A sample of San Francisco gay/bisexual men in substance-abuse treatment (N = 314) was compared to the San Francisco Men's Health Study (SFMHS) cohort to compare levels of sexual behaviors that are high-risk for HIV transmission. Quantitative data were supplemented by analysis of transcripts of focus group discussions with gay men in treatment at the same agency. Sexual risk for HIV infection was significantly higher for gay/bisexual men in substance-abuse treatment than among the community-based (SFMHS) sample of gay/bisexual men. Among those entering outpatient alcohol/drug treatment, 21% reported unprotected insertive and sex, 23% reported unprotected receptive anal sex, and 32% reported unprotected insertive and/or receptive anal sex during the previous 3 months. In comparison, in the SFMHS cohort, 17% reported unprotected insertive and sex, 15% reported unprotected receptive anal sex, and 22% reported unprotected insertive and/or receptive anal sex during the previous 6 months. Substance abusers in focus groups identified a number of factors that made it difficult to reduce their sexual risk behavior, including the perceived disinhibiting effects of alcohol and other drugs, learned patterns of association between substance use and sex (especially methamphetamine use and anal sex), low self-esteem, lack of assertiveness and negotiating skills, and perceived powerlessness.

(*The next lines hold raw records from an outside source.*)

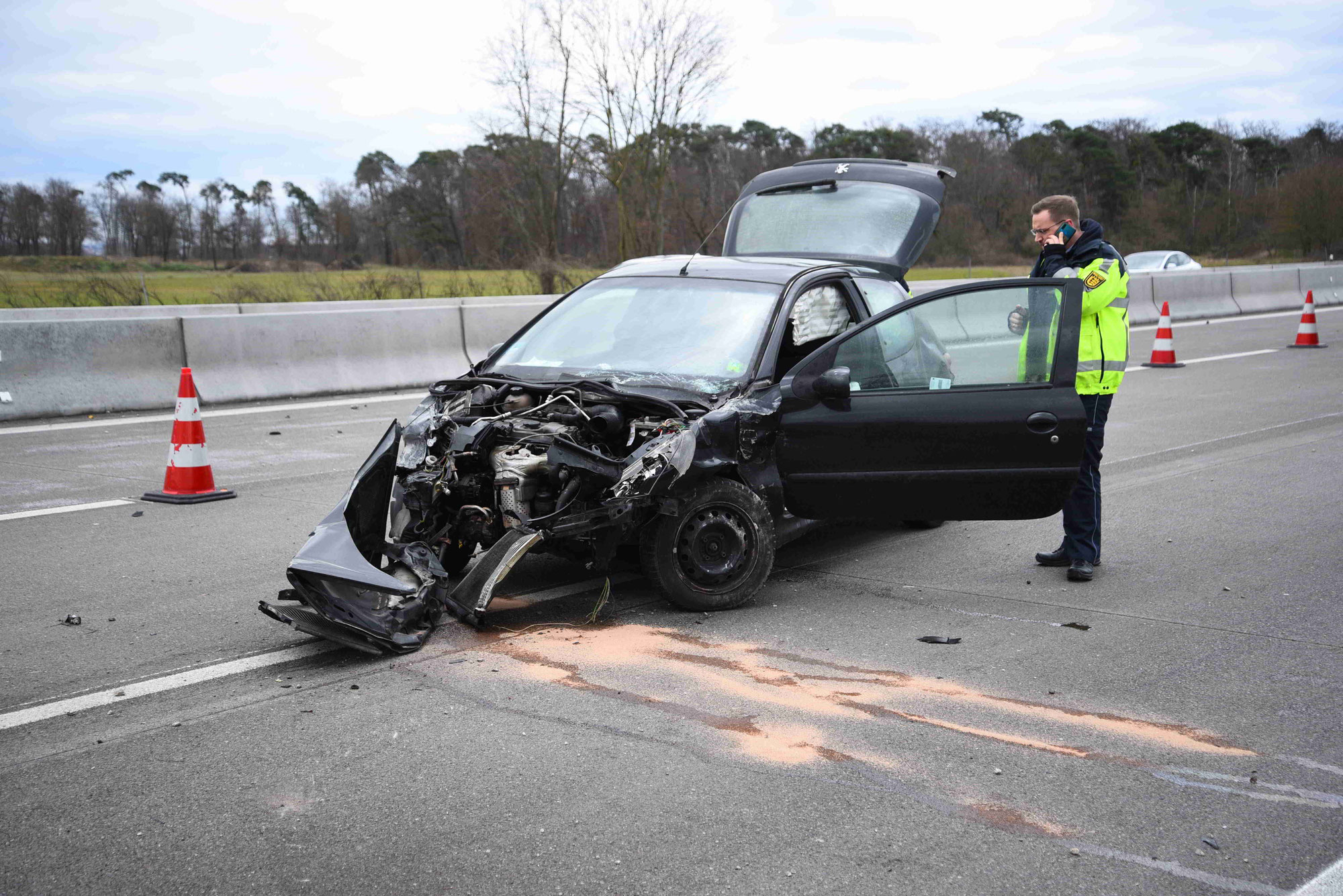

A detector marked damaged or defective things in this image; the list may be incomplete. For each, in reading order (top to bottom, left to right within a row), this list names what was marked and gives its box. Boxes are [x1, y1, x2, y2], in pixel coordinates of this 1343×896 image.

heavily damaged black car [259, 159, 1091, 652] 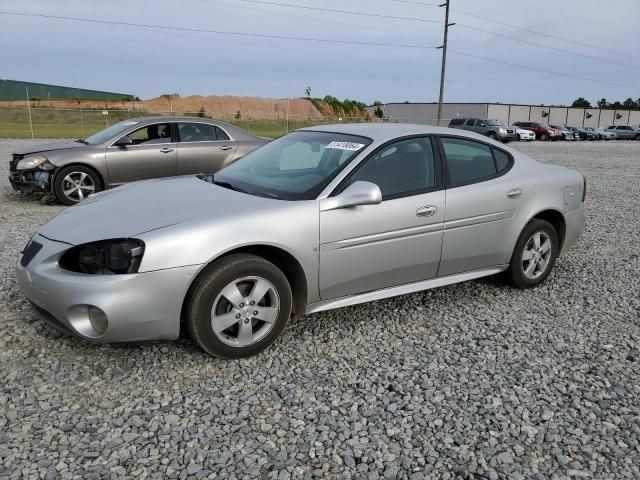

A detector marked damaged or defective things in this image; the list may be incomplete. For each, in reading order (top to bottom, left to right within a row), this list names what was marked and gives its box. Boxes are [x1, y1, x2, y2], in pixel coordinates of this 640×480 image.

damaged silver sedan [9, 118, 268, 206] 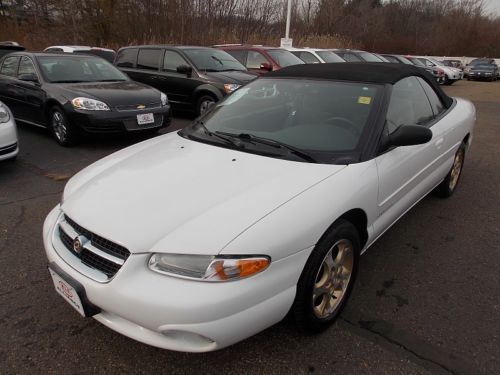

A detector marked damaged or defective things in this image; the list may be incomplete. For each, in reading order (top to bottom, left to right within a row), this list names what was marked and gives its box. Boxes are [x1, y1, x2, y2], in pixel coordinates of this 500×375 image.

cracked pavement [0, 81, 498, 374] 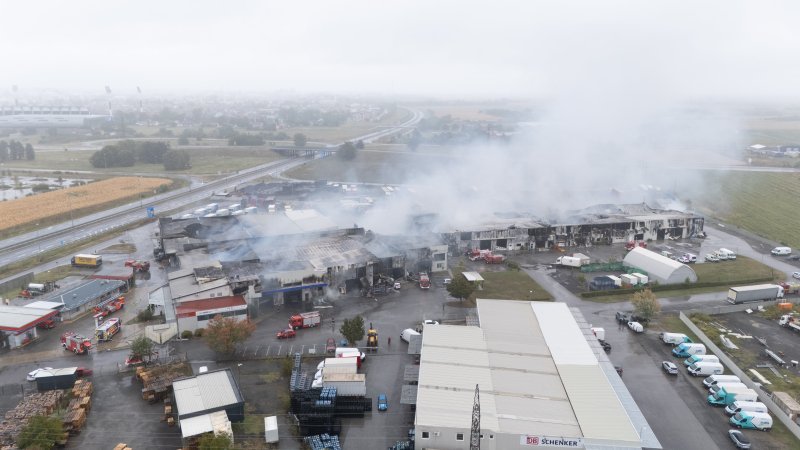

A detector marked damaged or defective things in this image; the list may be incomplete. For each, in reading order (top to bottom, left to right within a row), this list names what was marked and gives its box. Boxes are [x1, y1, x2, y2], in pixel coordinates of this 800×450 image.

burned structure [440, 203, 704, 253]
damaged warehouse [440, 203, 704, 255] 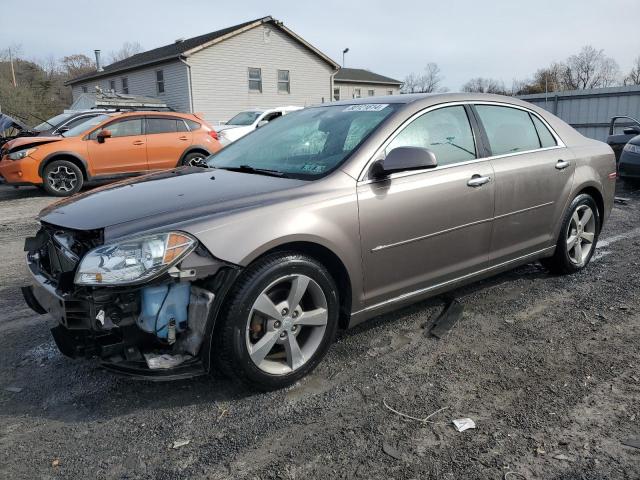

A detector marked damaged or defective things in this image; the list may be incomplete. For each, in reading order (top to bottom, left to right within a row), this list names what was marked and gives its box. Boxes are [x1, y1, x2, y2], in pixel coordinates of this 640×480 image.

选取了314名正在接受药物滥用治疗的旧金山男同性恋者/双性恋者作为样本,与旧金山男性健康研究(SFMHS)队列进行比较,以对比具有HIV传播高风险的性行为水平。通过对在同一机构接受治疗的男同性恋者焦点小组讨论记录进行分析,对定量数据进行补充。接受药物滥用治疗的男同性恋者/双性恋者感染HIV的性风险显著高于以社区为基础的男同性恋者/双性恋者样本(SFMHS)。在那些开始接受门诊酒精/药物治疗的人中,21%报告在前三个月有过无保护的插入式性行为,23%报告有过无保护的被动肛交,32%报告有过无保护的插入式和/或被动肛交。相比之下,在SFMHS队列中,17%报告在前六个月有过无保护的插入式性行为,15%报告有过无保护的被动肛交,22%报告有过无保护的插入式和/或被动肛交。焦点小组中的药物滥用者指出了一些难以降低其性风险行为的因素,包括酒精和其他药物的感知去抑制作用、习得的物质使用与性行为(尤其是甲基苯丙胺使用与肛交)之间的关联模式、自卑、缺乏自信和谈判技巧以及感到无力。